We have reported previously (see, Vol. 4, No. 2, September, 2009, Vol. 2, No. 2, November, 2007) about a few cases that have considered whether the longer six year statute of limitations applies where a taxpayer overstates the tax basis of an asset. Normally, IRC Section 6501(a) requires that the IRS assess any additional tax it believes is owed within three years after a taxpayer files his return. However, under IRC Section 6501(e), if the return omits gross income that is more than 25% of the amount of gross income reported on the return, then the IRS has six years. A controversy developed over whether overstating the basis of an asset (and thereby underreporting the correct amount of gain) constitutes an omission from gross income.

After taxpayers prevailed in a couple of the early cases, the IRS resorted to self help and wrote a tax regulation that adopted its position. The regulation said that other than the case where goods are being sold in a trade or business, the overstatement of basis does result in an understatement of the taxpayer’s gross income.

In Grapevine Imports v. United States, (March 11, 2011), the IRS had issued its notice proposing a deficiency more than three but less than six years after the tax return had been filed. In the Court of Federal Claims, the court ruled in favor of the taxpayer based on the interpretation of an old Supreme Court case called Colony. However, that happened before the IRS issued its regulations. The case went before the Federal Circuit after the purportedly retroactive regulations were issued.

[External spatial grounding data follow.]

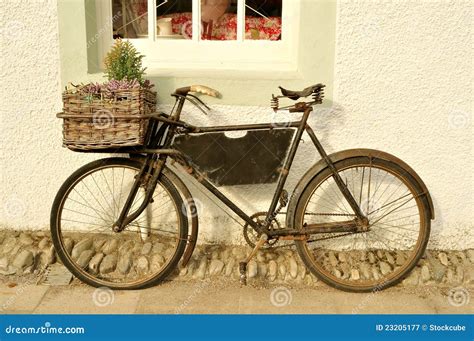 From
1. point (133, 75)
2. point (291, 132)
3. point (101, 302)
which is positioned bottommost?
point (101, 302)

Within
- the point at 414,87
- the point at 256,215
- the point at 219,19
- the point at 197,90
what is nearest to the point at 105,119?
the point at 197,90

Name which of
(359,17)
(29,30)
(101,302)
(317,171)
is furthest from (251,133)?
(29,30)

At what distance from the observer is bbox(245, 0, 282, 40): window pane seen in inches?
173

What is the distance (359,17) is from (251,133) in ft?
3.68

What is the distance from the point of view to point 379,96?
4.25 metres

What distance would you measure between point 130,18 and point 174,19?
34 cm

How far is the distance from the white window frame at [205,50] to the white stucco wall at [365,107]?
0.30 metres

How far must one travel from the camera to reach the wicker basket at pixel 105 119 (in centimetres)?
359

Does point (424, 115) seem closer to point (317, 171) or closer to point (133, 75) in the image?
point (317, 171)

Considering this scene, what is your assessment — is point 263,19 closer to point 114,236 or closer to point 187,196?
point 187,196

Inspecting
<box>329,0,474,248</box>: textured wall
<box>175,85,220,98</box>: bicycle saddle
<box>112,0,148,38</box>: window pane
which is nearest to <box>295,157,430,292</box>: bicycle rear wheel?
<box>329,0,474,248</box>: textured wall

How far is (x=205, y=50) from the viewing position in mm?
4430

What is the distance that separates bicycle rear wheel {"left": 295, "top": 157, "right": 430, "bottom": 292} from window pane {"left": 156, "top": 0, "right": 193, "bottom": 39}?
158cm

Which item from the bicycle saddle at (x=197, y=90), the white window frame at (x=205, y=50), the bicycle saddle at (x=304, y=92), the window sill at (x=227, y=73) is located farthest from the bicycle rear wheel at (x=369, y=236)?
the bicycle saddle at (x=197, y=90)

Another panel of the Federal Circuit had previously held for the taxpayer on this same issue, but that was also before the regulations were issued. This time, the Federal Circuit held in favor of the government. It found that the regulations were within the authority of the IRS to issue under IRC Section 7805 which empowers the IRS to issue regulations to interpret the Internal Revenue Code. A recent Supreme court case, Mayo Foundation v. United States, played a role in the outcome. The Mayo case will make it far more difficult for a taxpayer to get a court to overturn or invalidate a regulation that has been issued by the IRS. Under Mayo, in order for a tax regulation to be valid, there only need be an ambiguity in the statute it interprets, and the regulation must present a reasonable interpretation of the statute. The Federal Circuit found both of those requirements were satisfied so the government prevailed based upon its own regulation. The law applicable to regulations for this period of time also permitted regulations to be applied retroactively.

There is a good chance that this issue will now go to the Supreme Court for resolution. Two other circuits (the Fourth Circuit in Burks v. United States (February 9, 2011) and the Fifth Circuit in Home Concrete Supply v. United States (February 7, 2011)) have rejected the same regulation post-Mayo, finding that the statute was not ambiguous on its face, so under Mayo a regulation is not permitted.